Lors du débat, l’article 2 a été enrichi d’un élargissement incluant les actes de torture, de barbarie et les viols, à l’initiative de la majorité. « La volonté de lutter de façon efficace contre les crimes sexuels impose la création d’une infraction correspondant à cette hypothèse, a avancé la députée LRM Blandine Brocard. Il arrive fréquemment que des auteurs de viols soient déclarés pénalement irresponsables en raison d’un trouble mental. Cela correspond à environ 8 % des décisions d’irresponsabilité pénale. »
Par l’adoption de ce texte, ce n’est donc pas le crime commis en l’absence de discernement mais la cause de cette abolition de discernement qui est punie. Si, à la droite de l’Hémicycle, les nombreux amendements sont allés dans le sens d’un allongement des peines prévues et d’un abandon total de l’irresponsabilité pénale en cas de consommation volontaire de « psychotropes », à gauche, les députés ont dénoncé un « contournement » qui n’aurait, selon le député de La France insoumise Ugo Bernalicis, rien apporté à l’affaire Sarah Halimi. Ce qu’a reconnu du bout des lèvres le gouvernement. « Aujourd’hui, nous légiférons également – et même surtout – pour l’avenir », a argumenté la députée LRM Laetitia Avia.

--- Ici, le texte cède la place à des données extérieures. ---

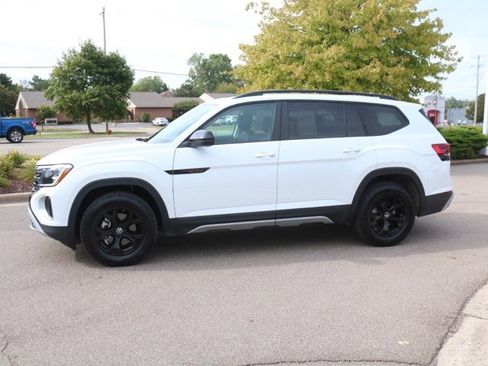 Used 2025 Volkswagen Atlas Peak Edition SE image 7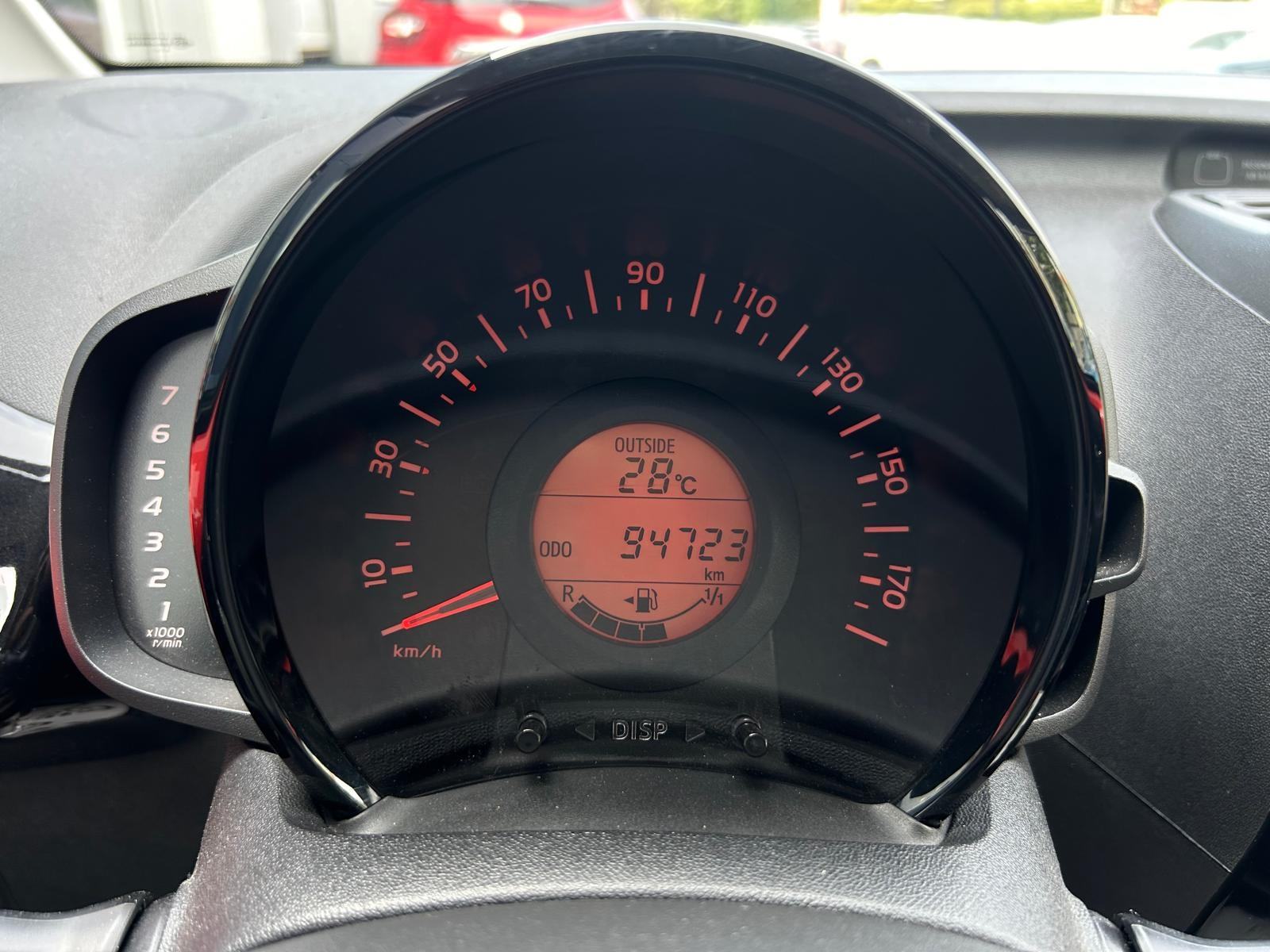 Toyota Aygo 1,0 VVT-i - 90.000KM - 2014 - GARANCIJA - TOP STANJE!!, fotografija 11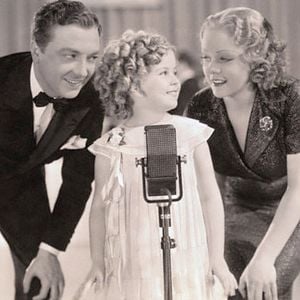 Foto Pobre Menina Rica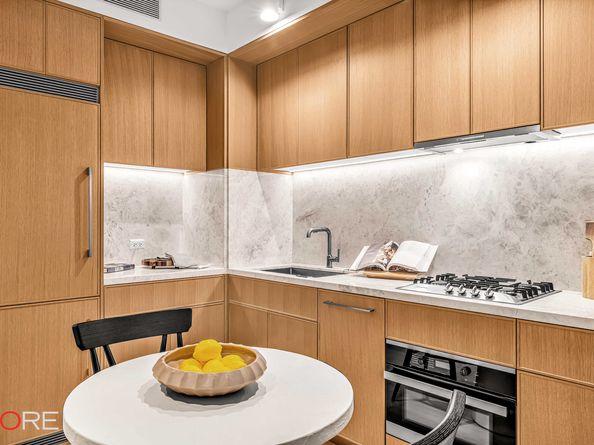 501 3rd Avenue 7G, New York NY 10016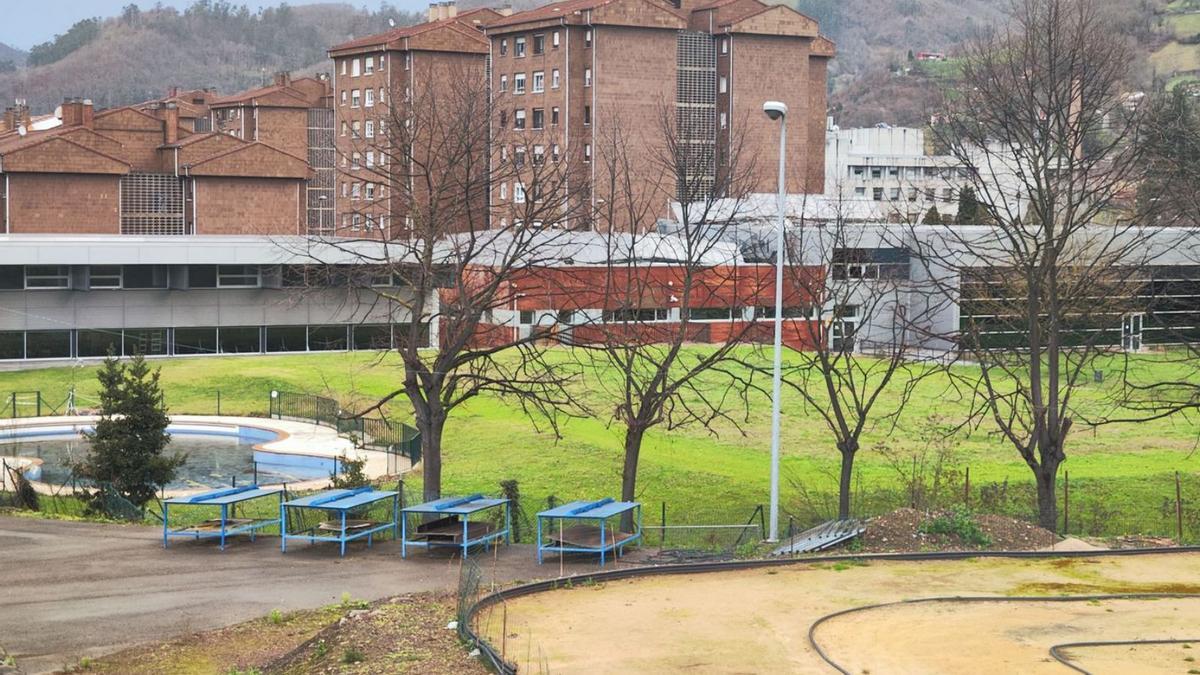 La parcela donde se proyecta la nueva piscina de Vega de Arriba, con el vaso infantil que funciona a la izquierda.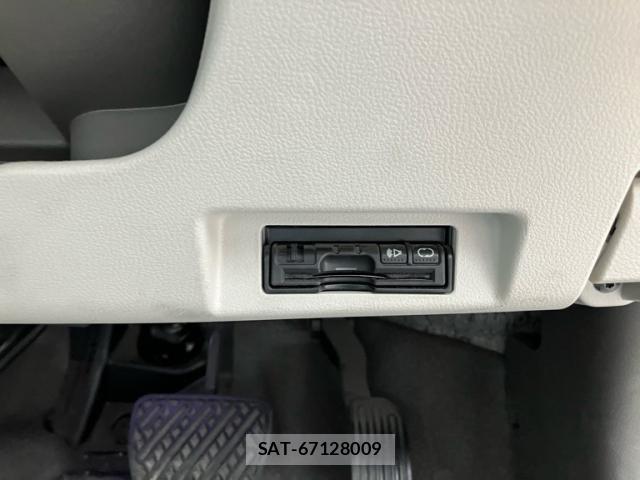 Nissan LEAF 2015-07 7962339-19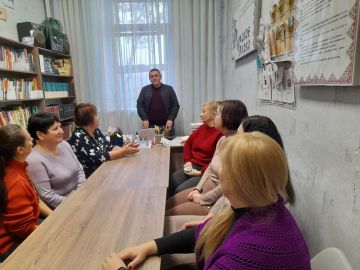 13 января 2026 года депутат Тельмановского муниципального совета Максим Скрипка встретился с трудовым коллективом МБУ «Тельмановская централизованная библиотечная система»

« Stigmatisation des fous »
Danièle Obono (LFI), pour sa part, y voit « une commande politique » plutôt qu’« une nécessité du droit ». « Vous voulez combler des trous dans la raquette qui n’existent pas ! », a-t-elle martelé, avant de poursuivre : « Vous allez chercher des raisons externes à l’abolition du discernement au moment de la commission de l’acte, pour contourner ce principe. C’est ce que vous ont dit, vous ne pouvez pas le réfuter, l’ensemble des spécialistes, notamment les psychiatres. » Des arguments déjà émis par le Syndicat de la magistrature qui, s’appuyant sur les travaux sur l’irresponsabilité pénale de la commission des lois présidée par Dominique Raimbourg et Philippe Houillon, dénonce « une série de confusions ». « Le dispositif de l’article 2 va très loin dans la stigmatisation des fous », avertit l’organisation syndicale.
Ce jeudi, l’examen du projet de loi et de ses 412 amendements doit se poursuivre à l’Assemblée nationale. Le débat porte désormais sur le second volet – majoritaire – relatif aux atteintes commises contre les forces de sécurité intérieure.